Mais pour moi, la palme, c’est quand même m’sieur Pujadas. D’abord, si c’est lui qu’a eut l’idée, chapeau ! Et si en plus, c’est lui qui a écrit tous les textes … Vous croyez pas ?
Mais même sans ça, quand j’ai compris que c’était une mise en scène, j’ai regardé l’émission en replay, en entier, pour être sûr de ne rien rater. Et bien, oui, je dis, le plus fort, c’est m’sieur Pujadas ! Comment il l’a jouée, la scène avec Monsieur Torreton, trop bon ! Monsieur Torreton aussi, il a été bien, mais lui, c’est plus facile, il joue un gentil, et dans la vraie vie, c’en est un, gentil, charmant, cultivé, intelligent, c’est quand même plus facile que le rôle de M’sieur Pujadas, qui lui doit jouer un type abject, méchant, vicieux, c’est pas facile d’être comme ça à contre-nature, mais il a été magistral ! Le moment où il fait semblant de détester Monsieur Torreton parce qu’il ne dirait pas ce qu’il aurait du dire, je me suis laissé prendre ! le regard de haine qu’il lui lance, trop fort ! j’aurais juré qu’il le détestait vraiment !
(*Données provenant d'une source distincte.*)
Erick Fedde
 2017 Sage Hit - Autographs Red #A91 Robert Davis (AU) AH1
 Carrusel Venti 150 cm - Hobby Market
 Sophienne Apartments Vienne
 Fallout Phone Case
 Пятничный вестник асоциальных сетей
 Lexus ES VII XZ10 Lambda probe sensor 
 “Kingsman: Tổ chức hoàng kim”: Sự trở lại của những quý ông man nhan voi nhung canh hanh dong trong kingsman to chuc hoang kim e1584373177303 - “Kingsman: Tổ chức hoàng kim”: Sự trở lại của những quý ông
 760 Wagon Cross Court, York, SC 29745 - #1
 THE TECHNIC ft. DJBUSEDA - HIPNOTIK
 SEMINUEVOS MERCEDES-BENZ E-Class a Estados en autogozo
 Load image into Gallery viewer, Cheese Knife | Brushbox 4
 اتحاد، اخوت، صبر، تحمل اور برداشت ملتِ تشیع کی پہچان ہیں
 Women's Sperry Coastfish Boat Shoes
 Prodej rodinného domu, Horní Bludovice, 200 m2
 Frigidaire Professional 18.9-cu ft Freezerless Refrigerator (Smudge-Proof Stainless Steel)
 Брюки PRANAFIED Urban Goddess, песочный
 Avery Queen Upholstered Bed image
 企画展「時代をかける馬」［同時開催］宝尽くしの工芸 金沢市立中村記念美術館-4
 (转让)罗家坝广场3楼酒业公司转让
Ah moi je dis : ça mérite un Molière ! Et en plus, il sait prendre des risque, m’sieur Pujadas, hein ? Il n’a peur de rien ! Parce que, aller chercher un acteur comme Monsieur Torreton sur son propre terrain ! Pour lui donner carrément une leçon de théâtre ! C’est pas donné à tout le monde ! Faut oser !
Et puis quelle efficacité ! Vous avez vu l’enquête du Point, comment Jean-Luc Mélenchon se retrouve seul en tête, oui, je sais c’est pas un sondage, mais rappelez-vous, en 2005 tous les sondages disaient « A part quelques énergumènes, les Français vont dire OUI à une très large majorité ». Ah M’sieur Pujadas, vous l’avez sacrément nettoyé, le paysage politique ! Bon, tout ce que je dis là, en dévoilant votre stratégie, j’espère que ça va pas nuire à votre carrière. Remarquez, je pense que cela vous importe peu, puisque vous croyez à la victoire de M’sieur Mélenchon.